Oliver Cole: It’s a love album… like 80 per cent of albums

OLIVER Cole is telling me that his second solo album is part of his “late Beatles phase”. But before he’s accused of blasphemy on John Lennon’s ‘bigger than Jesus’ scale, he’s not pretending to walk in their shoes — he’s on about the Fab Four ditching the past and heading into the unknown.

“I was having a debate with a friend who said I was obsessed with writing the perfect pop song, and I just thought, ‘You know what, fuck that, there’s loads of them’,” he says. “Think of The Beatles, they were a boyband really, but that I Wanna Hold Your Hand formula — they got so bored of it. Within a few years they were at Strawberry Fields, then into mad song structures and mad instrumentation and arrangements.”

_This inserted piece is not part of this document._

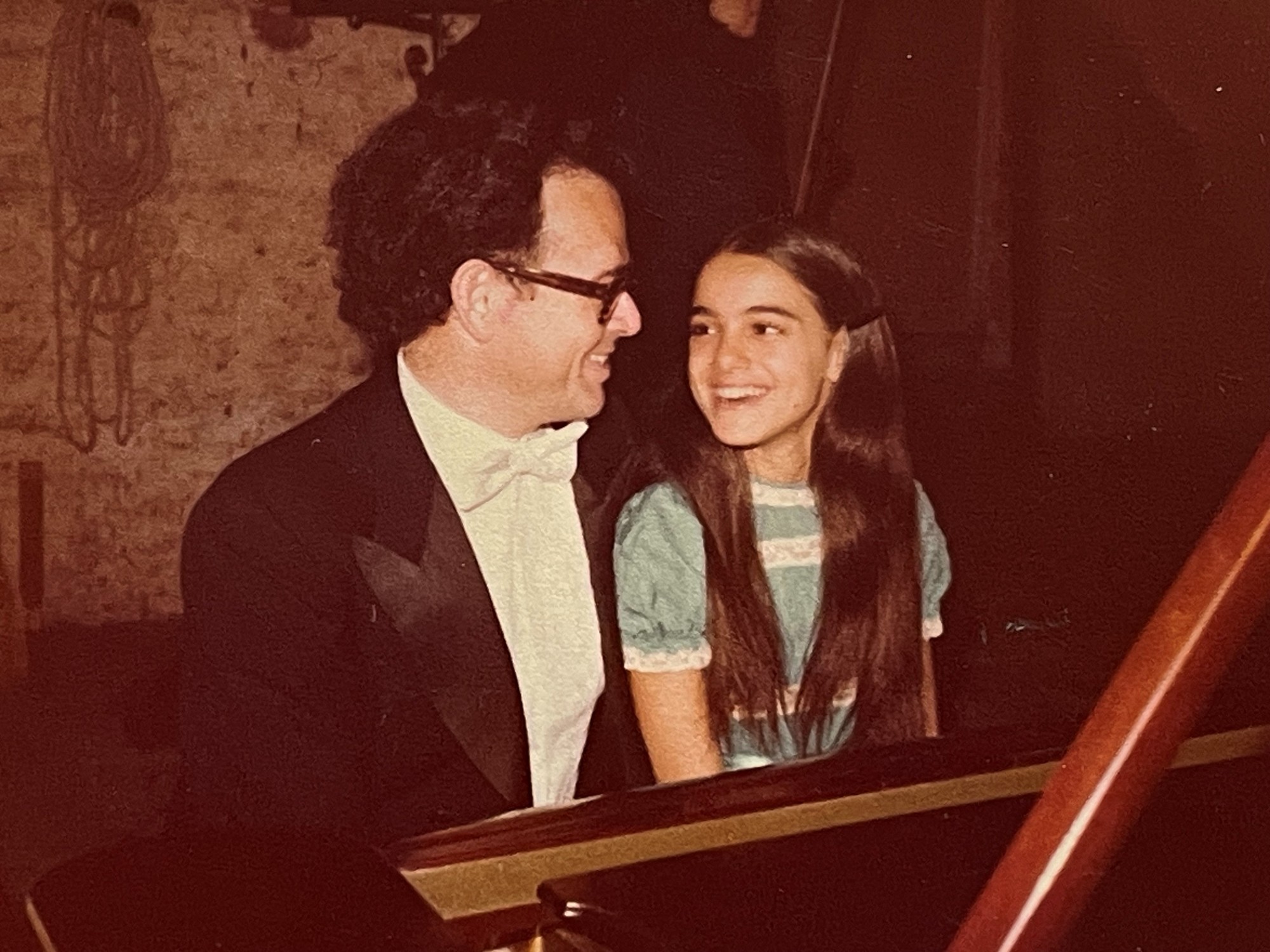 The amazing story of the boy saved from Nazism, who became a music teacher, shone in Columbus and was the seed of a dynasty of pianists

We’re chatting in a Dublin bar about the former Turn frontman’s second solo album Year of the Bird, a real labour of love that’s been five years gestating. Cole wrote, recorded and produced it himself, playing all the instruments and doing all parts in one take. He also got by with a little help from friends like Gemma Hayes and Glen Hansard — and some musicians roped in from Hansard’s New York recording sessions: “The best session players, people who’ve played with Bob Dylan in The Band, proper dudes”.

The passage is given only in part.